> [Exercise brief]:
Give again, word for word, every line in the entries below from the line with "Portrait Of Robert" up to and including the line with "Outdoor Cleme Carved Side Table", and no other line.

> [Stored items from a collection]:
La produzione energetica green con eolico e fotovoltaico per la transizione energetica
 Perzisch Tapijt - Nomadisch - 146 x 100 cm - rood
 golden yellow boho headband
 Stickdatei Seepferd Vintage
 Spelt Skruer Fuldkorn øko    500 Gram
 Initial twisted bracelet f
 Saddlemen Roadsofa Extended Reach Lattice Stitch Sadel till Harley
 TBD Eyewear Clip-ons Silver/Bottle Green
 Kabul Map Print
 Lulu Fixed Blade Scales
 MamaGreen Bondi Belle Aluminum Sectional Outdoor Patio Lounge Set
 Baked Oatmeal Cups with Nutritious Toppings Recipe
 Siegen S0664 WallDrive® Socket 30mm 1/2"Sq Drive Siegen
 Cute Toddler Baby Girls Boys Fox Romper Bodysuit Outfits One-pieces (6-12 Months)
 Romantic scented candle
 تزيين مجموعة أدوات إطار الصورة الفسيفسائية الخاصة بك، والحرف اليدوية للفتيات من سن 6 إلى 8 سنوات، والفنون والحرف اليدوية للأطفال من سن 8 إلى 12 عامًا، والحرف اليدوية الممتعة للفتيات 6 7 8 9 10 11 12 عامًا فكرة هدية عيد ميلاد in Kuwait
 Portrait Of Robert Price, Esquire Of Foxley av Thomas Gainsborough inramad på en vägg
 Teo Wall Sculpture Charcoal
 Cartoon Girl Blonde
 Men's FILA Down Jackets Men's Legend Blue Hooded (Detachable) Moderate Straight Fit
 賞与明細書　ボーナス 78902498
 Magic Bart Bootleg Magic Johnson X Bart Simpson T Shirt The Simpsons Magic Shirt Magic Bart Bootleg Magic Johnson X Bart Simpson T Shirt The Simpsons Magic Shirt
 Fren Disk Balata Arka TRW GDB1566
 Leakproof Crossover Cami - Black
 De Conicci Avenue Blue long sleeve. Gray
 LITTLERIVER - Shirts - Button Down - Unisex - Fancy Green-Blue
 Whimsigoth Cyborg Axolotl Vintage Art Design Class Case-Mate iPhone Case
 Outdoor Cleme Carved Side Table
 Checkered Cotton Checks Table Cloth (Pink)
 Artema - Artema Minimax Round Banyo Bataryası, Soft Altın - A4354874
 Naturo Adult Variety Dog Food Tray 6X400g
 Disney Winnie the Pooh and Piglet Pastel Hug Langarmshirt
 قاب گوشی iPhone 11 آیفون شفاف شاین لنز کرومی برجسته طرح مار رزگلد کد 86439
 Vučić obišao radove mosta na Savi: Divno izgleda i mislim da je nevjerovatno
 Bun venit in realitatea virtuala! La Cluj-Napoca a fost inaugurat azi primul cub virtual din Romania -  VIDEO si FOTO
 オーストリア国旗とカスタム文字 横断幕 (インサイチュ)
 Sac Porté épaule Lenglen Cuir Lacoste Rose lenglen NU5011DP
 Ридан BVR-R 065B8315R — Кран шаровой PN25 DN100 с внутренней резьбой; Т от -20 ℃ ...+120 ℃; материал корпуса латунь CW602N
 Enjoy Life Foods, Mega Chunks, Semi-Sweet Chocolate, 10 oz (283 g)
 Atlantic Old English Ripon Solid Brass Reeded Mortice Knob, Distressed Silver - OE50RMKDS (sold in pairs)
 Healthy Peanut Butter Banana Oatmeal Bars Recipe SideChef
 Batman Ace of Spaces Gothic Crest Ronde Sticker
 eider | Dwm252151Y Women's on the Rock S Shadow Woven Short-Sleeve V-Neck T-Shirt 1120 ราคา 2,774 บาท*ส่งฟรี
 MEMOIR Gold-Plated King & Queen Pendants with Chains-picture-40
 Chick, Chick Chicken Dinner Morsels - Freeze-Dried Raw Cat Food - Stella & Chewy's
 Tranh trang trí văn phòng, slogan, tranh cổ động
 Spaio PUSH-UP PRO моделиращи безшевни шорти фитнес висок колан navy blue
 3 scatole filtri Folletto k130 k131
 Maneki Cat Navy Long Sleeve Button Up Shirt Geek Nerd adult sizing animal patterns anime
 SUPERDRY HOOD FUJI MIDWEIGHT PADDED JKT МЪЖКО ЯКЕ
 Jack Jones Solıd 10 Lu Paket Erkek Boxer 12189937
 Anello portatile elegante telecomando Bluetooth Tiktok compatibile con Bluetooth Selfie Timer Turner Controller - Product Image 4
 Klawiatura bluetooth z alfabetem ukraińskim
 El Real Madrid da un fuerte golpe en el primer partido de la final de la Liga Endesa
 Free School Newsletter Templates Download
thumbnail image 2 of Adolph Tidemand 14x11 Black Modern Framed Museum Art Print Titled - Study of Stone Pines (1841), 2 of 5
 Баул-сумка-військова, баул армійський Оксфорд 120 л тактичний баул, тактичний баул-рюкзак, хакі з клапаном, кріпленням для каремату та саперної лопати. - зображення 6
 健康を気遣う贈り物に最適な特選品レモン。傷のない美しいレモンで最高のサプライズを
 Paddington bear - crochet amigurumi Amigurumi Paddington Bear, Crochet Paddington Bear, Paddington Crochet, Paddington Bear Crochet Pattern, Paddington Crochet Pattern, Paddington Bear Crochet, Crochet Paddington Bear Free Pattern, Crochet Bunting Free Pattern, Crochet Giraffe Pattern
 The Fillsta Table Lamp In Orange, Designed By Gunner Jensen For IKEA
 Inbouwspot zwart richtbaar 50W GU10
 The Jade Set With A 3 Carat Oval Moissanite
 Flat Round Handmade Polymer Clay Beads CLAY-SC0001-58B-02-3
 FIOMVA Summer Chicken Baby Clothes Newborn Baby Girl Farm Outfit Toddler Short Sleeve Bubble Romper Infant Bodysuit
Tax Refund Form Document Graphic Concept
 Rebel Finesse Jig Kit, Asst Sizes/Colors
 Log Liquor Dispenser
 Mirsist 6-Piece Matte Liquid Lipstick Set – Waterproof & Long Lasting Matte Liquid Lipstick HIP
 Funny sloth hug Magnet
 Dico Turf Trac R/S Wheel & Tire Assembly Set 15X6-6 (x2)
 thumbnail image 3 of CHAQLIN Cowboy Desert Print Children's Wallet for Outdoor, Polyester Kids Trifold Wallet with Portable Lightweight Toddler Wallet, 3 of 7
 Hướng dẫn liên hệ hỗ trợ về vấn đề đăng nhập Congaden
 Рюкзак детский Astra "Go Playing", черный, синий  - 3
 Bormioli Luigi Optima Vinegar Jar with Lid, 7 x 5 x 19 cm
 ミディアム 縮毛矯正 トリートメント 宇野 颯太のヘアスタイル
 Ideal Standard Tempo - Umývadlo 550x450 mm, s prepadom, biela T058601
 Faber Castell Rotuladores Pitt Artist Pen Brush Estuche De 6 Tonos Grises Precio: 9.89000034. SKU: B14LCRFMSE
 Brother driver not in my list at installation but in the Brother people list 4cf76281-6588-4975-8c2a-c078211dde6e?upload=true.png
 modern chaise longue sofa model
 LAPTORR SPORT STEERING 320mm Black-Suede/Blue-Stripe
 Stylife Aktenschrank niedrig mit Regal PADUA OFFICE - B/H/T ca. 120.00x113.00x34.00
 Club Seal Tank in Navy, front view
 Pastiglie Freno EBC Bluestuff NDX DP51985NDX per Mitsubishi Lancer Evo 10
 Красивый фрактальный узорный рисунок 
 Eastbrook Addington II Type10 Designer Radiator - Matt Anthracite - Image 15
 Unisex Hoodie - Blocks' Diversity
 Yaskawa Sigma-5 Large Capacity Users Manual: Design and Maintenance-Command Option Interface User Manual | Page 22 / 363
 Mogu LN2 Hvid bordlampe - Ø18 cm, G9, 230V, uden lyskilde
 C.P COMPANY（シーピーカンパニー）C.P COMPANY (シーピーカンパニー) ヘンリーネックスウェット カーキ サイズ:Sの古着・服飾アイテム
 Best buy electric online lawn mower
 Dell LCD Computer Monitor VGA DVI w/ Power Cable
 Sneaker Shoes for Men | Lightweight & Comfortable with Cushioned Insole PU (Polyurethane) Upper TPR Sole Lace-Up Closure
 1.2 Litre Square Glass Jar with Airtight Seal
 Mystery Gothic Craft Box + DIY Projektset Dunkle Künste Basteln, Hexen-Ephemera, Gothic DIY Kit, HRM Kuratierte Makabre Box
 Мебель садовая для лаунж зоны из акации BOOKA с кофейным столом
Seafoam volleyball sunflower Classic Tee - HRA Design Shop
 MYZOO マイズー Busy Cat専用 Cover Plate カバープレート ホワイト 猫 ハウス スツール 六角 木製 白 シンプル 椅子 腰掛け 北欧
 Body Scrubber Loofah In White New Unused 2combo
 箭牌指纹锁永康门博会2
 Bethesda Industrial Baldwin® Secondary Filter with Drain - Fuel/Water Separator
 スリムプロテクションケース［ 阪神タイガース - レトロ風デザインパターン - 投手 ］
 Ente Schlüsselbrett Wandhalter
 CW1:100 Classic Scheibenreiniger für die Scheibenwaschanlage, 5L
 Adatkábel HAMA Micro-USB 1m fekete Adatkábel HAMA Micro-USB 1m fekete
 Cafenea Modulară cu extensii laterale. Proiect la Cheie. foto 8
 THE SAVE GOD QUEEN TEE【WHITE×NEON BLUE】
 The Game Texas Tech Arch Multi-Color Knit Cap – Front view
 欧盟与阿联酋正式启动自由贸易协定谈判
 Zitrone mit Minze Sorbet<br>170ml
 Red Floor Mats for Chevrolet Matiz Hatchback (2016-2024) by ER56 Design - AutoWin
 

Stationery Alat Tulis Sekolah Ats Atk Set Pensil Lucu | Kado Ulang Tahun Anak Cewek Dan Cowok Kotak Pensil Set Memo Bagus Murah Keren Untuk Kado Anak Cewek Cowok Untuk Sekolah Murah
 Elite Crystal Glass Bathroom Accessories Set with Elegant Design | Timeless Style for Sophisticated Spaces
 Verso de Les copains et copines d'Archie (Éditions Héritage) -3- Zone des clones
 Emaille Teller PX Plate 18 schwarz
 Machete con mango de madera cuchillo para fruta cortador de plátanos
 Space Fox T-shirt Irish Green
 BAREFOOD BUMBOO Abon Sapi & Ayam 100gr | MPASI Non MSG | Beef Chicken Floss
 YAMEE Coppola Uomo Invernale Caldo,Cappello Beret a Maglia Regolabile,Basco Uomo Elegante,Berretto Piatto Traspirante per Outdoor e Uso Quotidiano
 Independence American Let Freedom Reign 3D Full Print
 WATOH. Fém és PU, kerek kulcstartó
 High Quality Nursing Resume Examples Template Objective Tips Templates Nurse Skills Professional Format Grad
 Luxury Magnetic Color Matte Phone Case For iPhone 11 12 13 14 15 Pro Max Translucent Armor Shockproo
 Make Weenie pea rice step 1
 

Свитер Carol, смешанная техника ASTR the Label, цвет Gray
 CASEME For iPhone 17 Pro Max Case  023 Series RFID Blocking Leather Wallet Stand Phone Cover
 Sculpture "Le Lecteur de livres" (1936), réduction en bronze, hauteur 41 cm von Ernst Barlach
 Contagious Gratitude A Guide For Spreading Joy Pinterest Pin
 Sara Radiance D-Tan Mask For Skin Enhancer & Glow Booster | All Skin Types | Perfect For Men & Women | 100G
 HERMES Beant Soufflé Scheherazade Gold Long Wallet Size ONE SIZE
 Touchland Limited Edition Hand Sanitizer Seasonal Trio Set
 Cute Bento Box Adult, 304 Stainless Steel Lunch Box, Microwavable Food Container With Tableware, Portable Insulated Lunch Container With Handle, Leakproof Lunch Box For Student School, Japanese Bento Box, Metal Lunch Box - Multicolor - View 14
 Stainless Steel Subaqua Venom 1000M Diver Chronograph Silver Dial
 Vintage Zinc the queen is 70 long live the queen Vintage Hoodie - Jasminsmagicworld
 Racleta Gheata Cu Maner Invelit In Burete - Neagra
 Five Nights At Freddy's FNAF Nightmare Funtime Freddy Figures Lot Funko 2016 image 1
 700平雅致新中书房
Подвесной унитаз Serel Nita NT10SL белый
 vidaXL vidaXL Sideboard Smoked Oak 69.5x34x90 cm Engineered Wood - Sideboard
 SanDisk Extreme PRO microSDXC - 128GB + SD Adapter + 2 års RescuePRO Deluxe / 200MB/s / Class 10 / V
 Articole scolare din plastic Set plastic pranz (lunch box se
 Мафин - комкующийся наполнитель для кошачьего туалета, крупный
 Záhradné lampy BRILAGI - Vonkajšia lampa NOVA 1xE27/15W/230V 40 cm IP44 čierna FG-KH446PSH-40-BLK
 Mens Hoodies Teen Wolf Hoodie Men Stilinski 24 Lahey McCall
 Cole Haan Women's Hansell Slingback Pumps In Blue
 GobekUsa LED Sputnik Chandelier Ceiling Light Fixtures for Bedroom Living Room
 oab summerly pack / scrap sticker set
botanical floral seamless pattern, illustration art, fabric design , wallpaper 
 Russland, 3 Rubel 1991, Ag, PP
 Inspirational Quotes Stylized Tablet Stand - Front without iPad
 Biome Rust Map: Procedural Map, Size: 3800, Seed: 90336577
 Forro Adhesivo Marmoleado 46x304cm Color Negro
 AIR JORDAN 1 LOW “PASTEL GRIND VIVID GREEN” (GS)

> [Reply]:
 Portrait Of Robert Price, Esquire Of Foxley av Thomas Gainsborough inramad på en vägg
 Teo Wall Sculpture Charcoal
 Cartoon Girl Blonde
 Men's FILA Down Jackets Men's Legend Blue Hooded (Detachable) Moderate Straight Fit
 賞与明細書　ボーナス 78902498
 Magic Bart Bootleg Magic Johnson X Bart Simpson T Shirt The Simpsons Magic Shirt Magic Bart Bootleg Magic Johnson X Bart Simpson T Shirt The Simpsons Magic Shirt
 Fren Disk Balata Arka TRW GDB1566
 Leakproof Crossover Cami - Black
 De Conicci Avenue Blue long sleeve. Gray
 LITTLERIVER - Shirts - Button Down - Unisex - Fancy Green-Blue
 Whimsigoth Cyborg Axolotl Vintage Art Design Class Case-Mate iPhone Case
 Outdoor Cleme Carved Side Table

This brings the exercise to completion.